Devant l'assemblée de professionnels et d'élus réunis par la fondation Abbé-Pierre ce 3 février autour du mal-logement, Sylvia Pinel, ministre du Logement, a présenté les mesures d'un plan triennal destiné à diminuer le recours à l'hôtel pour l'hébergement de personnes démunies. 10.000 nuitées d'hôtel pourraient notamment être remplacées par de l'intermédiation locative, du logement en pension de familles ou maison-relais et de l'hébergement "adapté aux familles". Pour assurer la transition, à défaut de crédits supplémentaires, un "accompagnement social renforcé" est prévu.

Intervenant à l'occasion de la présentation du vingtième rapport de la fondation Abbé-Pierre sur l'état du mal-logement en France, Sylvia Pinel, ministre du Logement, de l'Egalité des territoires et de la Ruralité, a détaillé ce 3 février un plan triennal de réduction des nuitées hôtelières. La veille, le président de la République avait annoncé les trois axes de ce plan destiné à améliorer "l'hébergement et l'accès au logement des plus démunis" (voir notre article du 2 février).
Ce nouveau plan prévoit ainsi la création de 13.000 places dans des dispositifs alternatifs, destinés à remplacer 10.000 nuitées d'hôtels. Parmi ces solutions alternatives, l'intermédiation locative (type Solibail) sera particulièrement développée, avec 9.000 nouvelles places. 1.500 places sont aussi prévues en logement adapté - pensions de familles ou maisons-relais, "particulièrement adaptées pour des couples ou des personnes isolées cumulant des difficultés, notamment sur le plan de la santé", selon Sylvia Pinel. En outre, "2.500 nouvelles places d'hébergement adaptées aux familles seront construites", a complété la ministre, et "d'autres dispositifs innovants comme les appartements partagés seront aussi expérimentés".

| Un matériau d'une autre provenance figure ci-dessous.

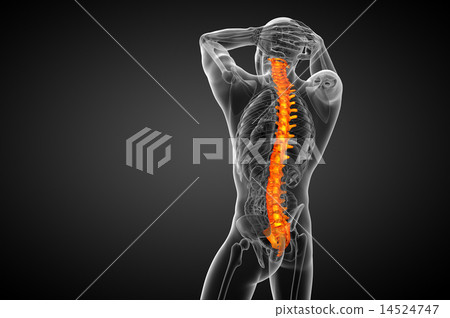 3d render medical illustration of the human spine 3d render medical illustration of the human spine 14524747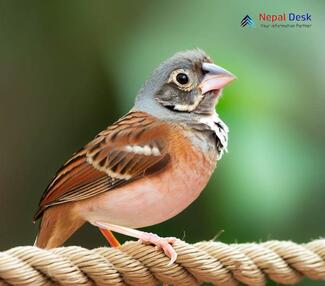 Grey-necked Bunting_Emberiza buchanani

"La solution la plus coûteuse et la moins adaptée"

Pour répondre à la situation particulière qui les caractérise, 6.000 demandeurs d'asile hébergés à l'hôtel "se verront aussi proposer des solutions de prise en charge adaptées dans des structures spécialisées".
Enfin, le plan prévoit de généraliser "un accompagnement social renforcé" pour les personnes hébergées à l'hôtel. Un accompagnement comprenant "une évaluation sociale pour chaque famille hébergée et des interventions mieux coordonnées", "un accès facilité à l'aide alimentaire", "une meilleure organisation de la domiciliation" et "une attention particulière (…) portée à la santé mentale, avec la mobilisation des équipes mobiles de psychiatrie", a détaillé la ministre du Logement.
Cette dernière prévoit, en tout, le transfert de "105 millions d'euros qui, en trois ans, iront du financement des nuitées hôtelières vers le financement de dispositifs alternatifs pérennes".
Personne ne contestera la nécessité d'engager ce mouvement. A l'automne dernier, une étude de l'observatoire du Samu social de Paris confirmait que l'hébergement en hôtel n'était pas une solution correcte pour les familles (voir notre article du 3 octobre 2014). Les auteurs de cette étude observaient notamment qu'un quart des familles hébergées à l'hôtel début 2013 en Ile-de-France n'étaient pas suivies par un travailleur social. Les hôtels constituent "la solution la plus coûteuse et la moins adaptée", ajoute la fondation Abbé-Pierre dans son rapport.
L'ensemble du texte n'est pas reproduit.